┌──

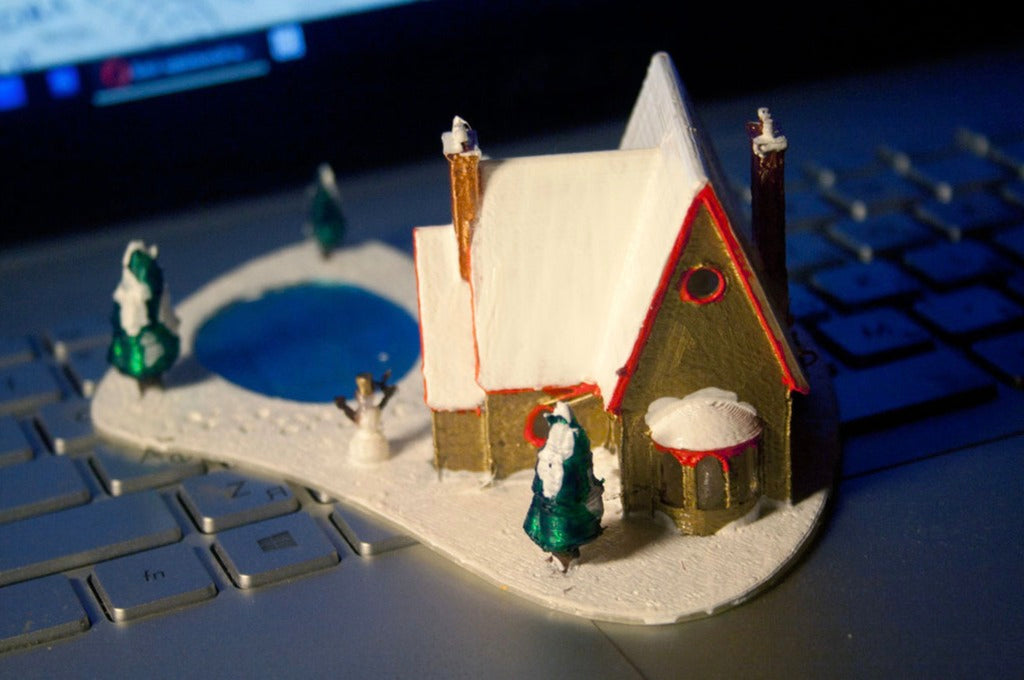 Vánoční dům se zamrzlým jezerem na 3D tisku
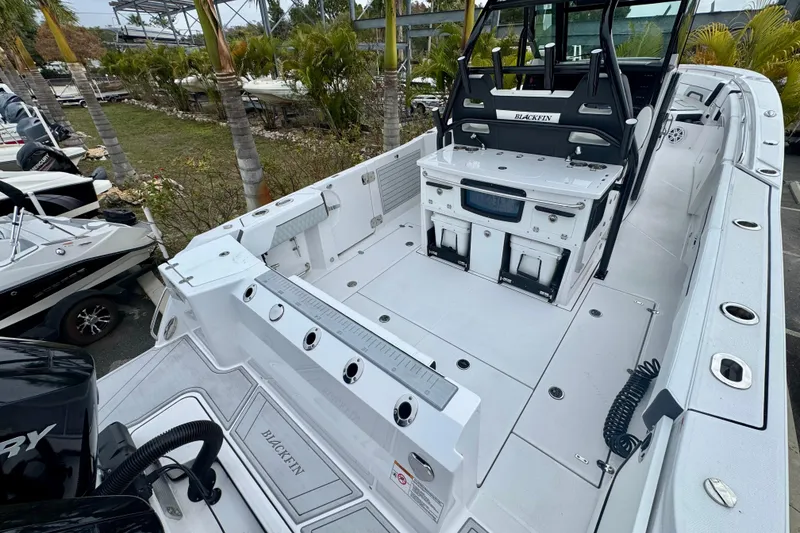 Slide: The Image of 2025 Blackfin 332 CC boat interior with fishing rod holders and seating, docked near palm trees. - 69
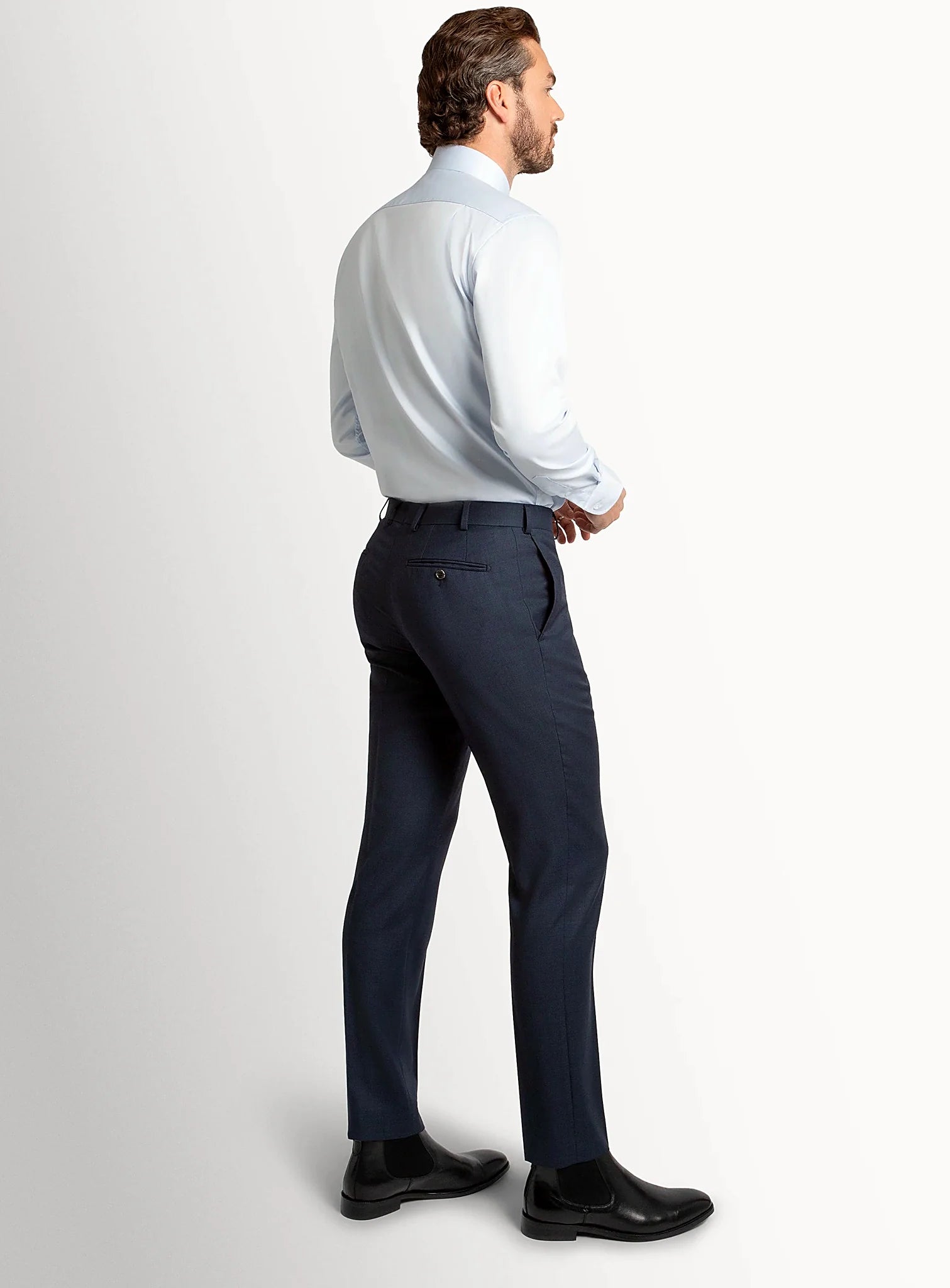 Waistband and front detail of the navy trousers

└──

--- What you will do ---
Reproduce the material word for word. Skip every picture it holds.

--- Answer for the task ---
 Vánoční dům se zamrzlým jezerem na 3D tisku
 Slide: The Image of 2025 Blackfin 332 CC boat interior with fishing rod holders and seating, docked near palm trees. - 69
 Waistband and front detail of the navy trousers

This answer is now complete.